* Exercise material:
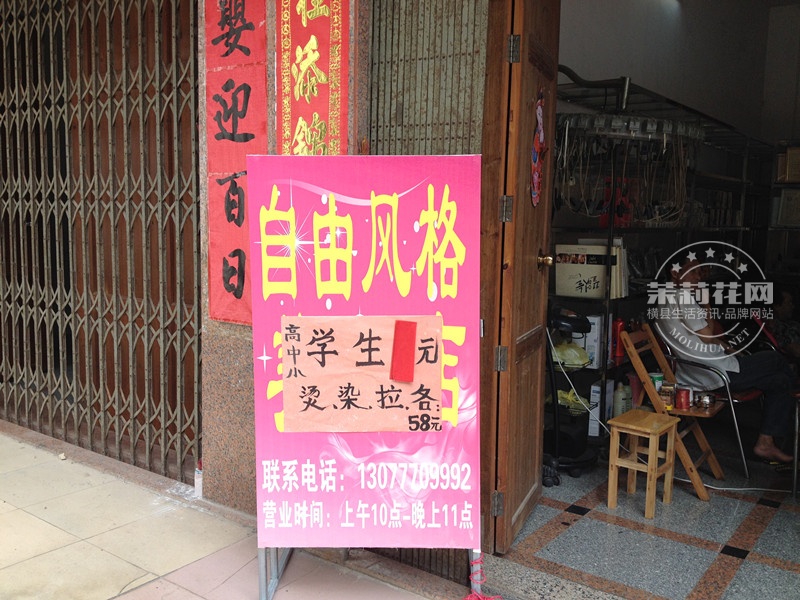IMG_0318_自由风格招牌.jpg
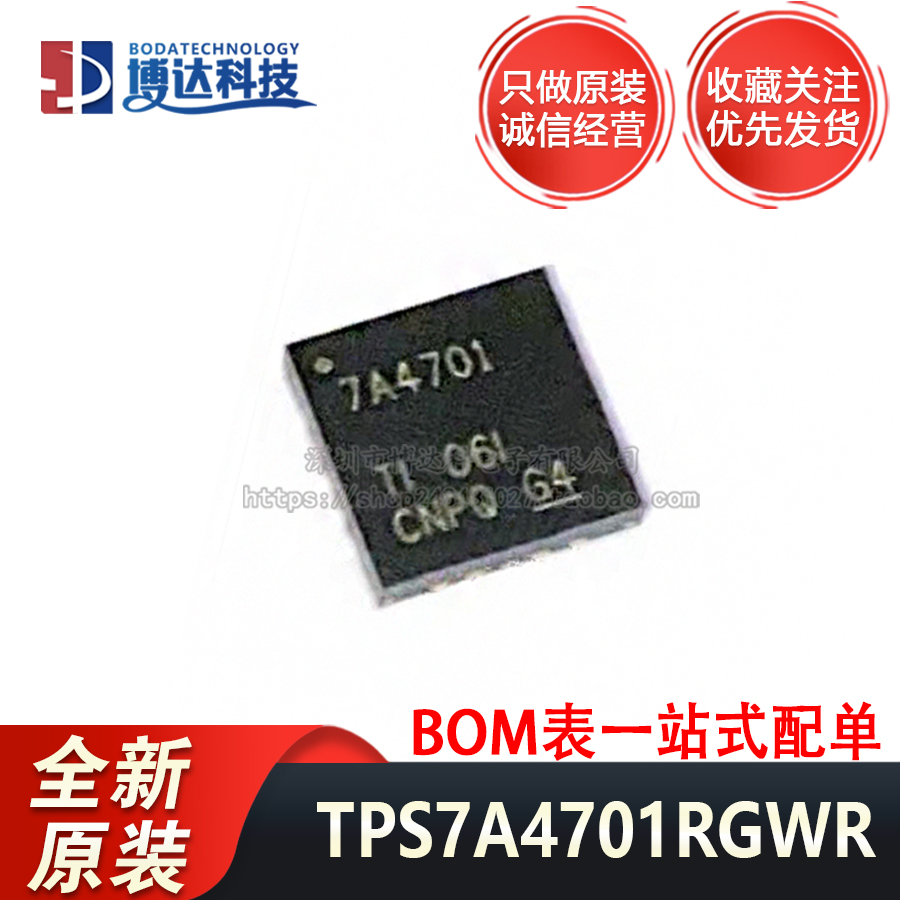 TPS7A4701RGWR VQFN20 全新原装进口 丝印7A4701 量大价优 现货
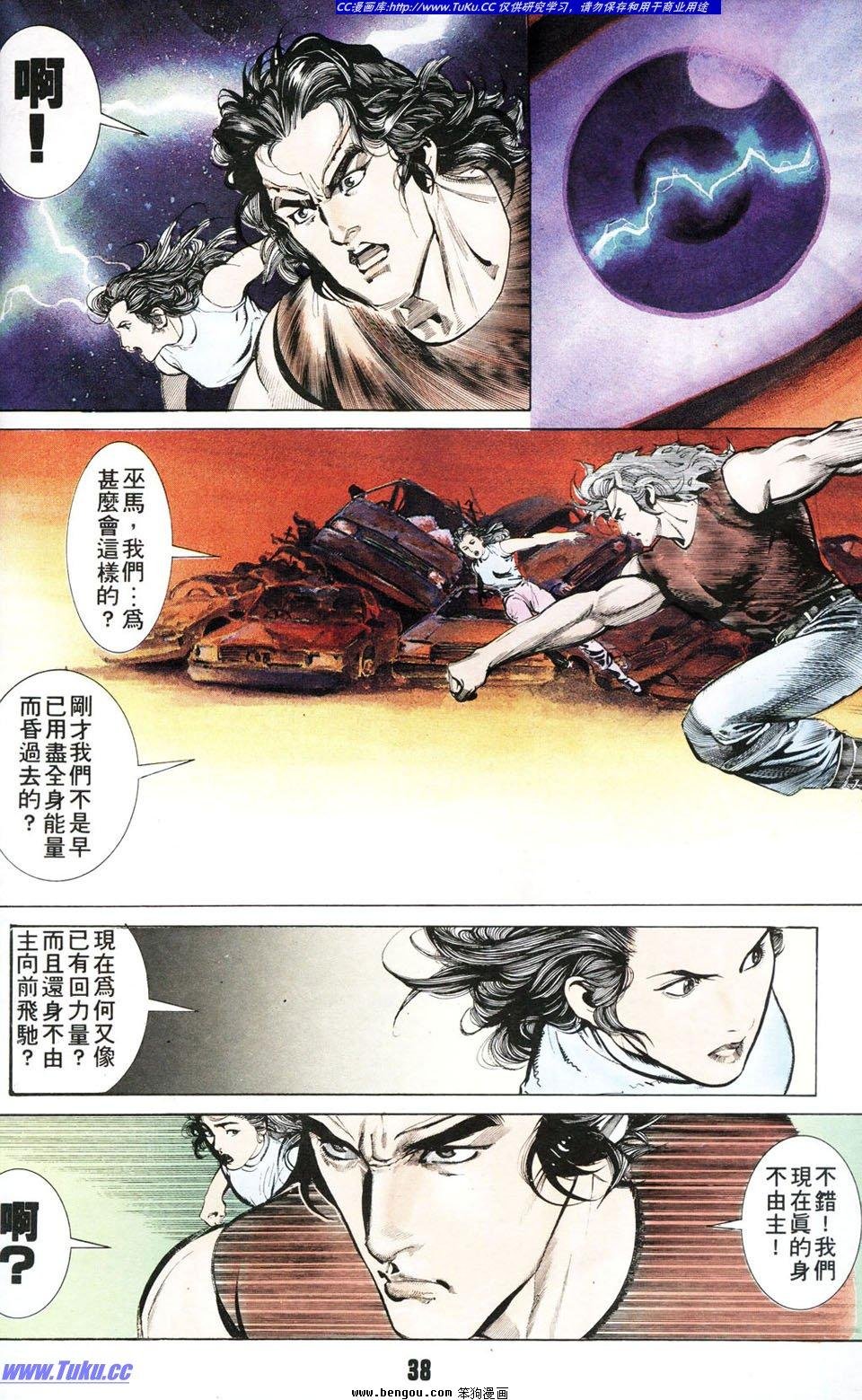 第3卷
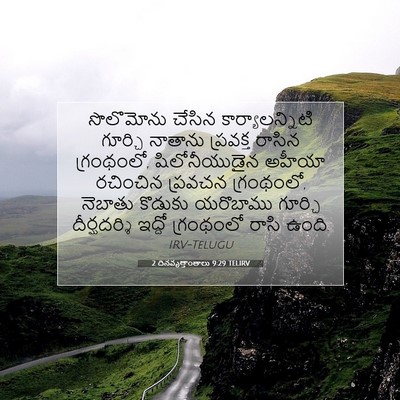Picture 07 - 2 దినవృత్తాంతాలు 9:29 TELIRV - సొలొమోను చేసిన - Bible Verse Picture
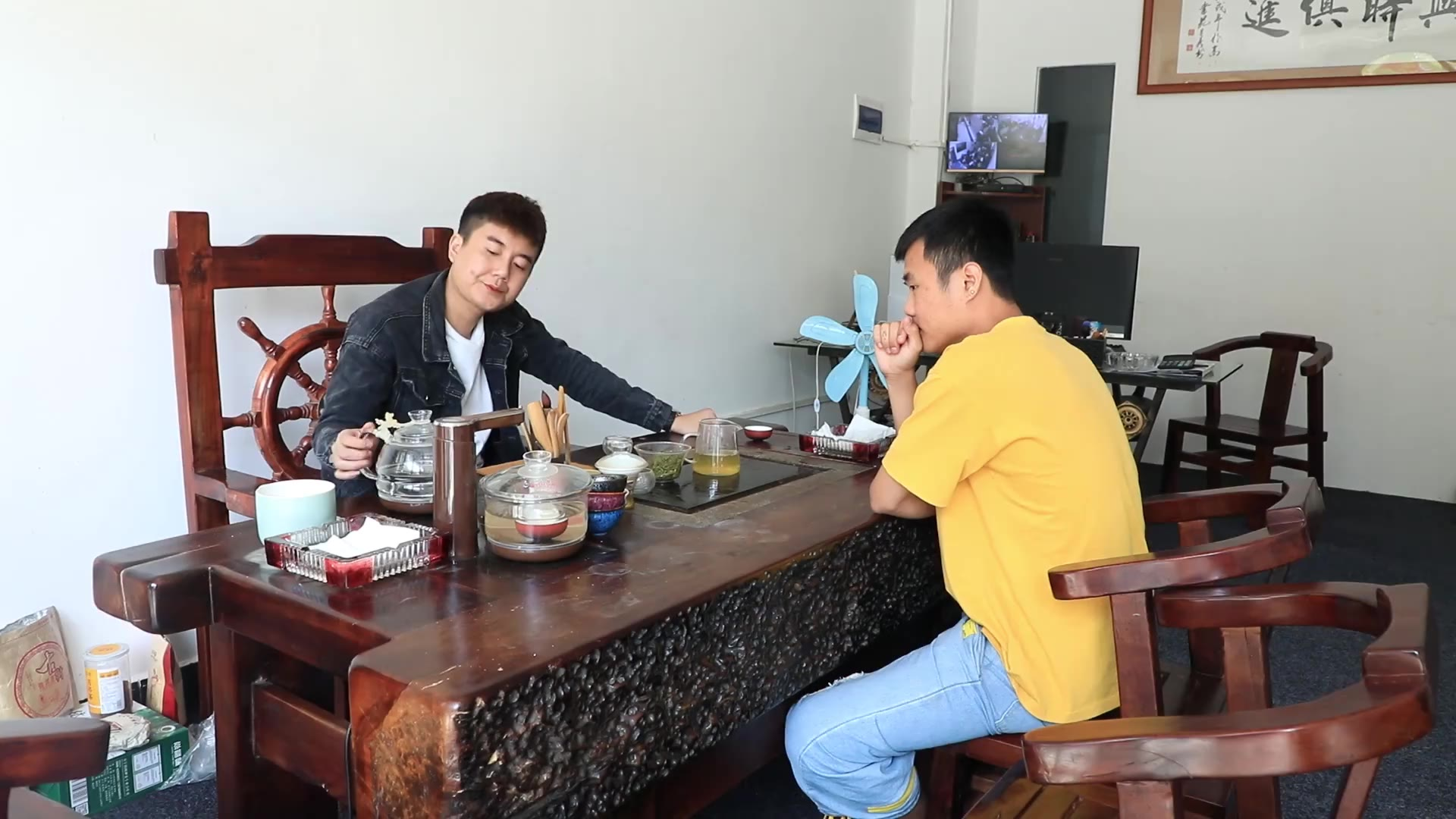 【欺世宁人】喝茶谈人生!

* Your task: Every line of the material must be repeated exactly; pictures stay out.

* Solution for this exercise:
IMG_0318_自由风格招牌.jpg
 TPS7A4701RGWR VQFN20 全新原装进口 丝印7A4701 量大价优 现货
 第3卷
Picture 07 - 2 దినవృత్తాంతాలు 9:29 TELIRV - సొలొమోను చేసిన - Bible Verse Picture
 【欺世宁人】喝茶谈人生!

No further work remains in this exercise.